This blog was originally intended to be a place to blog about my research, but the research is currently on hold, waiting for funding or not.
The current research bid is called ‘The Knights Templars’ estates in England and Wales, 1308-1311’, and this is a summary:
The Templars’ estates in England and Wales were inventoried at the time of the Templars’ arrests early in January 1308. From that time until the dissolution of the Order in England in July 1311, the estates were administered by royal keepers. Full records were taken and are preserved in the National Archives (TNA). These records have hardly been studied by scholars. They offer a unique opportunity to study how a non-noble institution exploited its landed property and how it related with its local community, at a time when English landowners were just beginning to run their estates indirectly, employing skilled bailiffs, rather than directly.
This project aims to answer a number of questions, including:
- What property did the Templars in England and Wales hold in January 1308? Is it possible to establish (e.g. through the Inquisitiones post Mortem or the Hundred Rolls) what this property was worth in earlier years? Is it possible to discover what it was worth in future years (e.g. in 1324, 1338, or in later Inquisitiones post Mortem)?

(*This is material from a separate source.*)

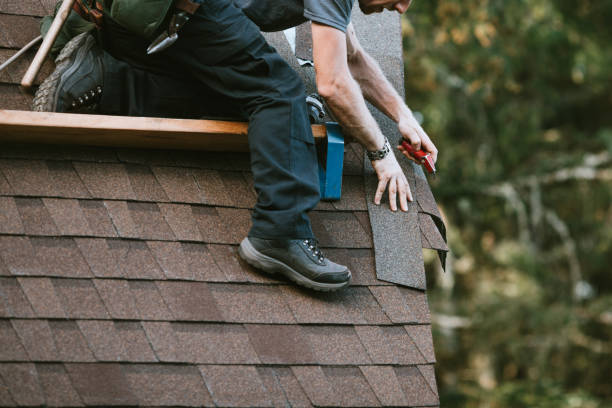 Best Emergency Roof Repair  in Lake Mills, WI
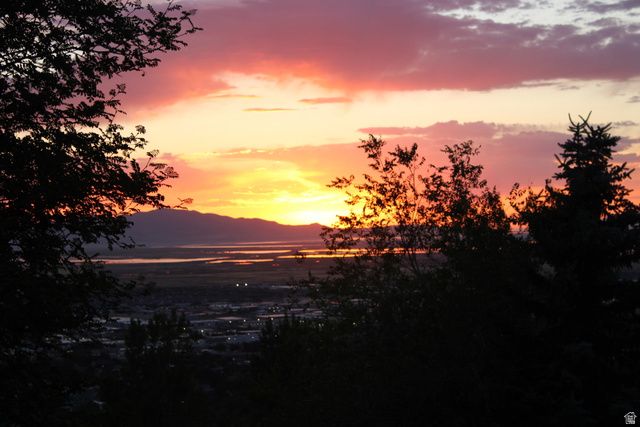 31 N EAGLEWOOD DR, North Salt Lake, UT 84054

- Whom did the Templars employ on their estates, on what terms?
- How was their property exploited/ developed between 1308-11, when the Order was dissolved in England?
- What did they produce (such as wool, beef, cider, fish, coal)?
- What were their relations with local communities?
- To what extent were they dependent on local bailiffs to run their estates? Is it possible to deduce anything of the skills of such bailiffs?
- Did the form of the documents recording this information vary from one locality to the next? Were they audited?
Readers who are interested in the Templars will be amazed to know that these records have hardly been looked at by historians: because there are a lot of records and they are difficult to read, researchers have only looked at small sections rather than the whole of the material.